Groom
Groom
1997
Media: wood, rubber human hair,
Size: 220 x 170 x 50mm,
Exhibited:
2008 – Locations (one-person exhibition), OVADA, Oxford.
1999 – Taking Stock (one-person exhibition), Keele University Art Gallery.
1997 – “…from the institution." (one-person exhibition), Stoke-on-Trent City Museum and Art Gallery.
About this work:
Groom (1997) is one of my smallest works. It is a found object made functionally useless by a single intervention. The object is a hairbrush, from which I removed all the bristles, painstaking replacing each with a small tress of my own hair until the brush is in possession of a ‘full head of hair’. As a result of my intervention, the completed hybrid object mixes in equal measure the utilitarian with the relic. Groom is the first instance in which I used any form of personal, residual material (in this case from my own body) to make work, and as such is a precursor to my Three Stages of Labour (2007) and more recent from 2019 made for Within and Between: Women, Bodies, Generations. Groom can be read as a surreal object, evoking the fetish of Meret Oppenheim’s Object (1936) a fur covered teacup, saucer and spoon.

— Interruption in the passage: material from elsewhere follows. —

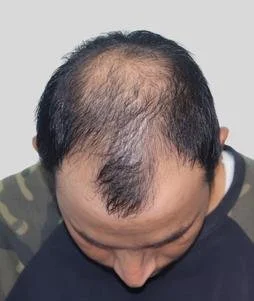 Hair Transplant Before Results - Best Hair Transplant in Delhi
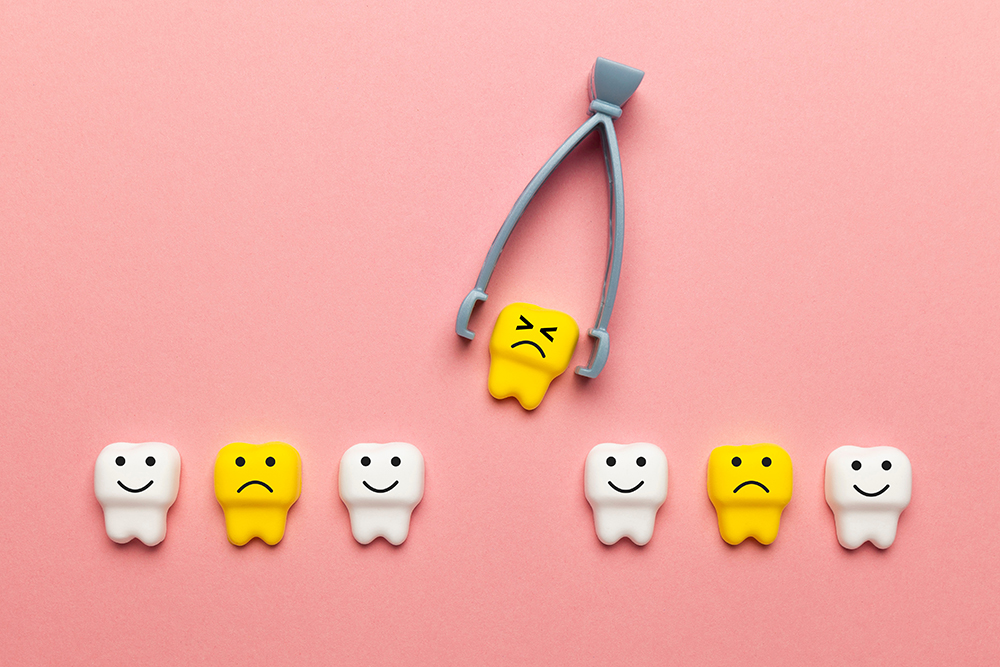 Does Guardian Dental Cover Wisdom Teeth Extraction?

It also suggests the altered states of consciousness when dreams and realities cannot easily be distinguished, something prompted by the incongruous amalgamation of hard and soft materials. The domestic intimacy of Groom was designed to call to mind vanitas painting but more overtly conforms materially to the conventions of the memento mori and mourning objects such as jewellery and amulets made popular in the 19th century incorporating the hair of a deceased or separated loved one.